Итак, сочинение Квинта Смирнского должно было увидеть свет между концом II и самым началом IV столетия нашей эры. Большинство современных исследователей помещают его в некий не поддающийся более точному определению «временной отрезок III века»[23]. Те же, кто стремится найти поэме более твёрдую привязку внутри означенного хронологического периода, вынуждены волей-неволей решать вопрос о её отношении к такому значимому явлению эпохи как Вторая Софистика. Последний термин восходит к Флавию Филострату и в узком смысле обозначает характерную для ораторского искусства первых веков нашей эры тенденцию к очищению греческого языка от накопившихся заимствований, всевозможных «азианских» украшательств и просторечных выражений под знаменем возвращения к традициям аттического красноречия классической эпохи.
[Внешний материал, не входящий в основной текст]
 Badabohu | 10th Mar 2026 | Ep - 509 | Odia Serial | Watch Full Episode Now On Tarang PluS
Однако сегодня большинство специалистов трактует данный феномен значительно шире, как общую культурно-политическую стратегию образованной греческой элиты в условиях римского господства, позволявшую ей с помощью литературной и философской деятельности добиваться значительного влияния у себя на родине и в самом Риме, в том числе — занимать высокие посты в имперской бюрократии, выстраивая, таким образом, основы единой средиземноморской греко-римской цивилизации. Как совокупность риторических приёмов Вторая Софистика начала терять актуальность с середины III века, приблизительно по смерти Филострата Старшего — биографа её наиболее выдающихся представителей. Но в качестве эталона греческой образованности, формирующей наряду с римской юридической и административной традицией идеологический фундамент империи, под разными именами продолжала существовать до самого конца античности и даже в византийское время[24].
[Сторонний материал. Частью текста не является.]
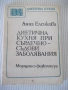 Книга "Диетична кухня при сърдечно забо....-А.Еленкова"-120с, снимка 1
Для решения вопроса о возможном влиянии софистической традиции на поэму «После Гомера» немаловажным обстоятельством является то, что родиной Второй Софистики были города Малой Азии, в том числе Смирна[25]. Занимающийся литературным творчеством уроженец западной Анатолии просто не мог игнорировать столь существенную сторону жизни современников и сограждан, даже если речь идет о старших современниках поэта. Несмотря на то, что ориентированный на гомеровские формы язык поэмы мало соответствовал требованиям строгого аттицизма, сам факт поддержания и развития Квинтом традиции, восходящей к наиболее авторитетному произведению греческой древности, весьма почитаемому также римлянами, последовательно вписывается в упомянутую стратегию превращения территории, на которую распространялся Pax Romana, в единое греко-римское культурное пространство. Кроме того, свойственная нашему автору манера уточнения гомеровского эпоса в деталях и даже своего рода состязание с Гомером в отдельных пассажах, например, при описании щита Ахилла (Q. Smyrn. V, 6–101) вполне соответствуют содержанию и основополагающим принципам Второй Софистики[26].
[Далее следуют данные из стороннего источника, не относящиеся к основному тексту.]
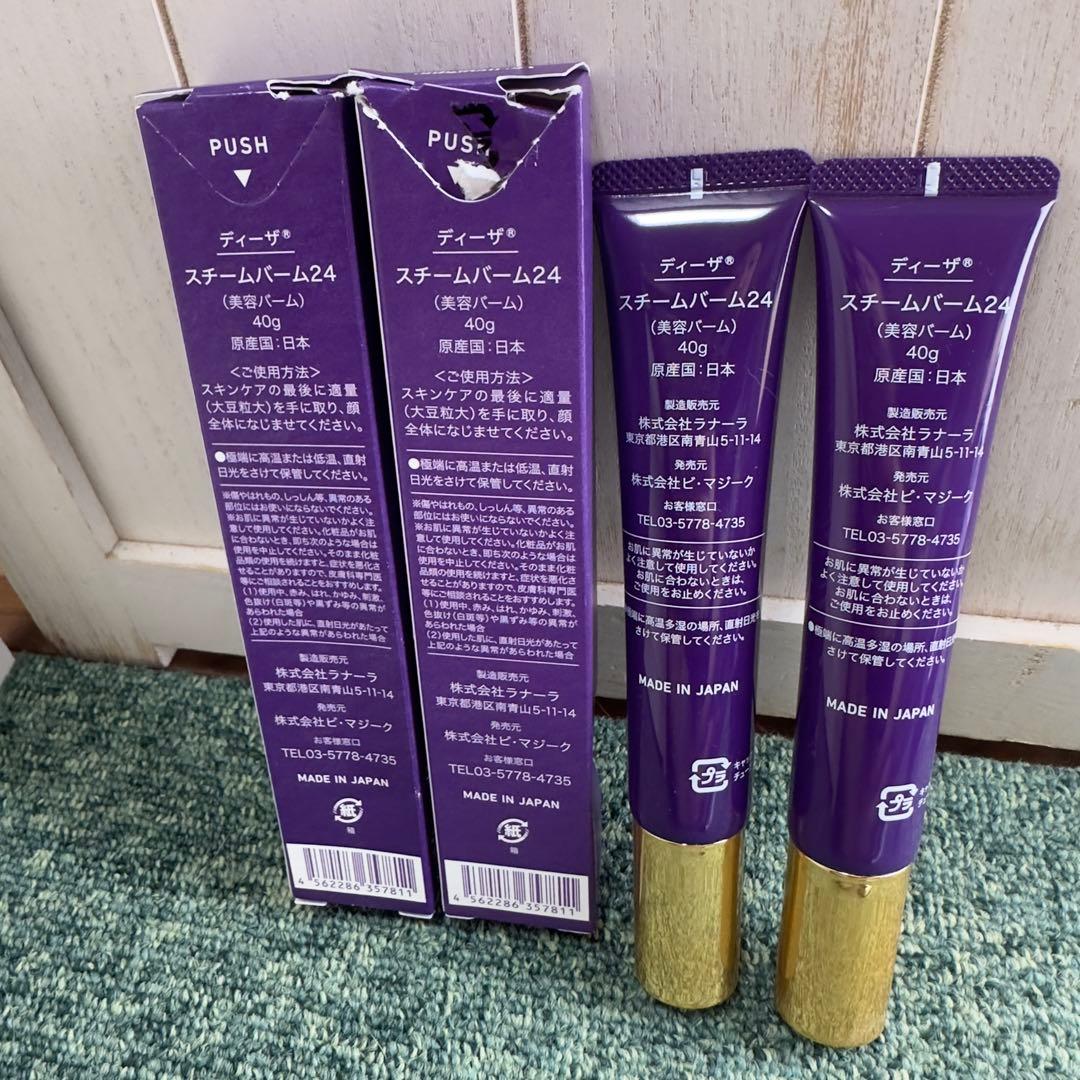 DEAZA ティーザ スチームバーム24 40g 2個セット 開封品 - メルカリ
С другой стороны, несомненная актуальность для Квинта софистической теории и практики не является достаточным основанием для отнесения его к софистам в собственном смысле слова и, тем более, для использования данного факта при уточнении датировки поэмы. Так, отсутствие сведений о поэте в «Жизнеописаниях Софистов» Филострата само по себе не может служить доказательством того, что его творческая деятельность протекала в более поздний период. Ведь в этих биографиях не упомянуты ни автор сочинения «О рыбной ловле», ни многие другие бесспорные представители Второй Софистики[27]. Таким образом, III век нашей эры — это всё, что можно сказать о времени написания поэмы.
Не сумев точно датировать эпос «После Гомера», многолетние исследования сочинения Квинта способствовали формированию критической традиции, определявшей отношение специалистов к данному труду вплоть до самого недавнего времени. При этом новоевропейские ученые полностью усвоили мнение своих позднеантичных и византийских предшественников о поэме как максимально возможном приближении к эпической норме, выработанной Гомером. Однако если в глазах Константина Ласкариса столь полное и последовательное подражание создателю «Илиады» ещё делало Квинта совершеннейшим и «наигомерийшим» (ὁμηρικώτατος) поэтом[28], позднейшая критика по преимуществу видела здесь отсутствие творческой самостоятельности, подмену художественной силы школьной учёностью, бездушную эклектичность и эпигонство, вследствие чего поэма «После Гомера» долгое время оставалась одним из наименее востребованных произведений античности[29]. Сегодня подобные суждения больше говорят об уровне развития историографии и литературных предпочтениях породивших их эпох, чем о самом тексте. В противовес им со второй половины двадцатого века начали появляться работы, стремящиеся поместить творение Квинта в его собственный исторический и культурный контекст, что сразу заставило произвести переоценку ранее приписывавшихся произведению «недостатков».